Provided records

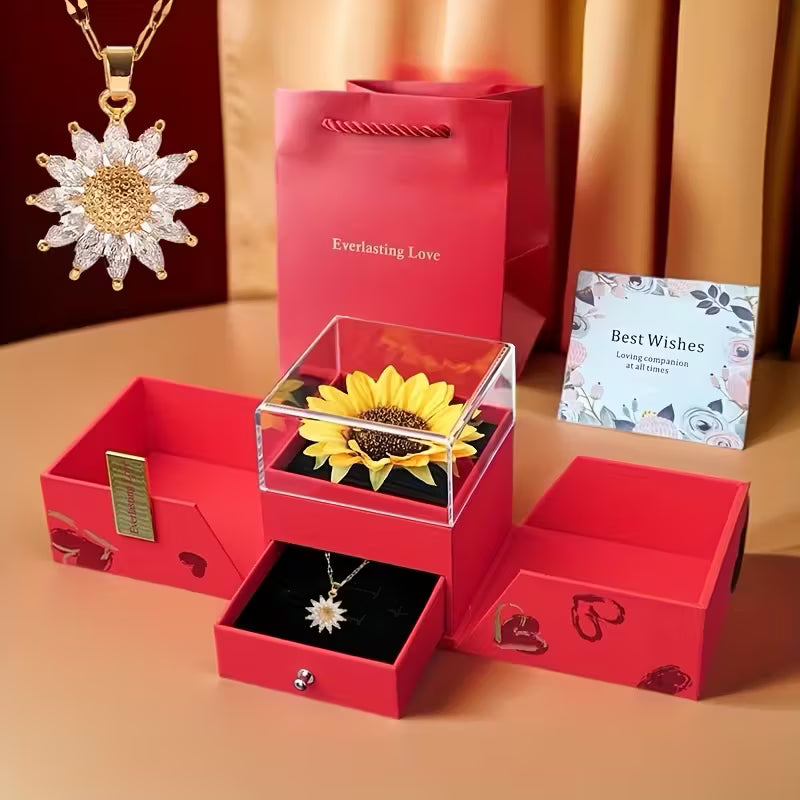 Red Acrylic Sunflower Jewelry Gift Box with Clear Window – Secure Closure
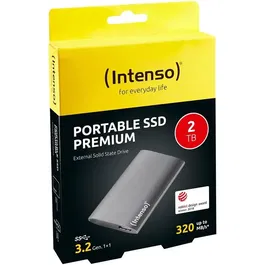 Intenso PREMIUM Disque dur SSD externe portable 2 To USB 3.0 Gris - Vitesse jusqu'à 320 Mo/s, résistant aux chocs, 89 x 54 x 8 mm, 49 g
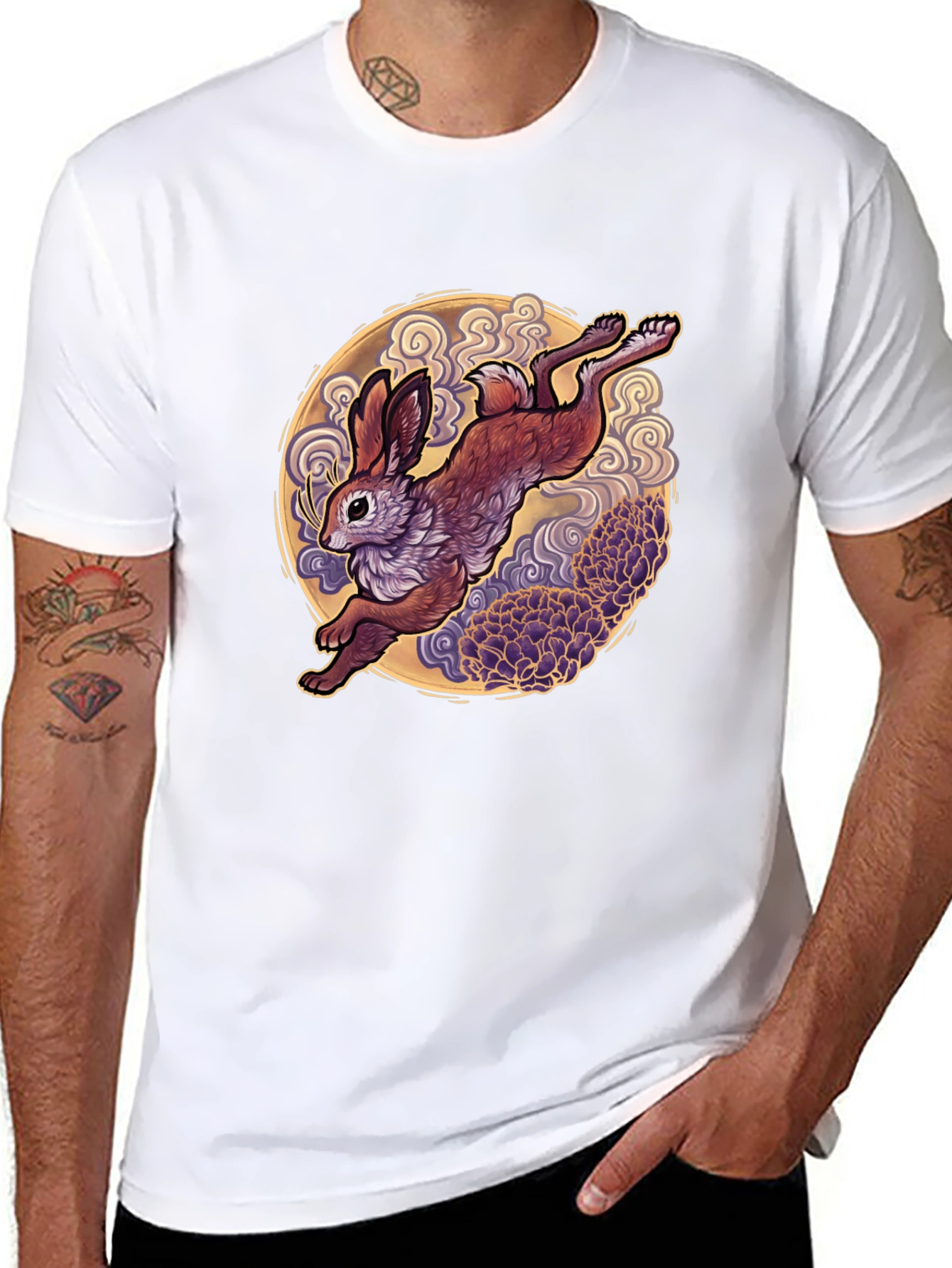 Rabbit Moon Graphic Tee - Black Cotton T-Shirt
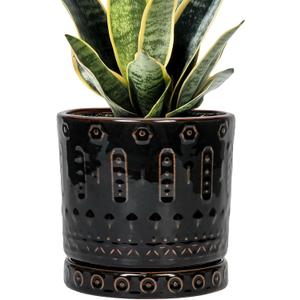 Ceramic Plant Pots - 6 Inch Ceramic Planter for Indoor Outdoor, Round Flower Pots with Drainage Hole and Plant Saucer, Boho Decorative Small Planter, House Decor, Gifts for Gardeners, Black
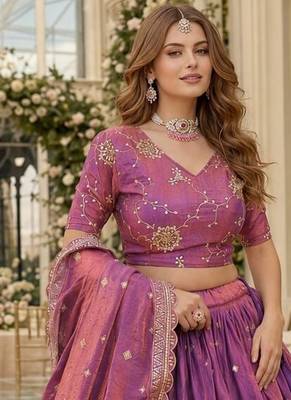 Purple silk blend Lehenga Choli with Zari Embroidery & Sequin Work 2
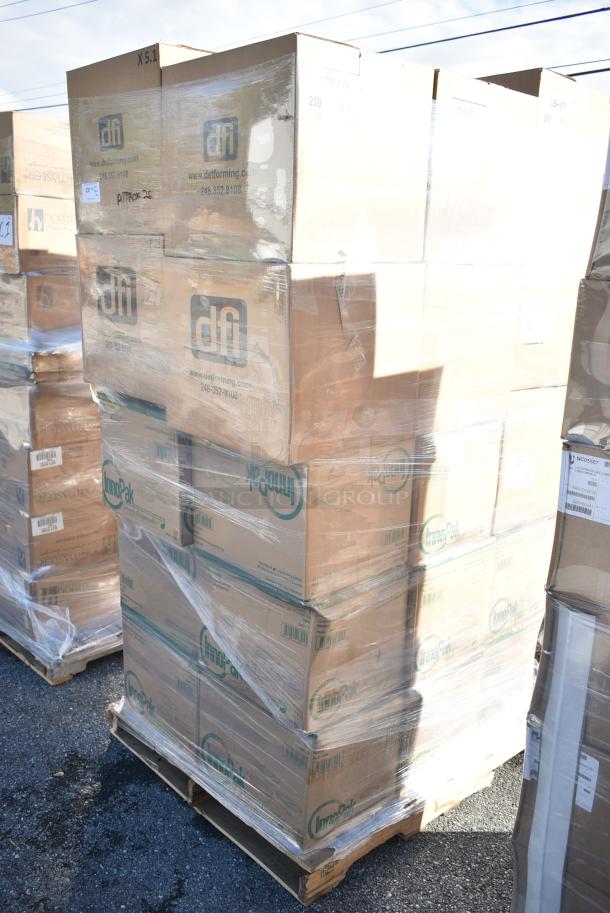 26 BRAND NEW! Boxes Including Inno Pak 34435079 32oz Molded Fiber Rectangle Bowl and DFI LBH-871 Shallow Hinge Container. 26 Times Your Bid! - Image 3 of 10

Problem to work on
Leave the pictures aside. Set down exactly the lines from the one with "Intenso PREMIUM Disque" through the final line of the listing above.

Exercise output
 Intenso PREMIUM Disque dur SSD externe portable 2 To USB 3.0 Gris - Vitesse jusqu'à 320 Mo/s, résistant aux chocs, 89 x 54 x 8 mm, 49 g
 Rabbit Moon Graphic Tee - Black Cotton T-Shirt
 Ceramic Plant Pots - 6 Inch Ceramic Planter for Indoor Outdoor, Round Flower Pots with Drainage Hole and Plant Saucer, Boho Decorative Small Planter, House Decor, Gifts for Gardeners, Black
 Purple silk blend Lehenga Choli with Zari Embroidery & Sequin Work 2
 26 BRAND NEW! Boxes Including Inno Pak 34435079 32oz Molded Fiber Rectangle Bowl and DFI LBH-871 Shallow Hinge Container. 26 Times Your Bid! - Image 3 of 10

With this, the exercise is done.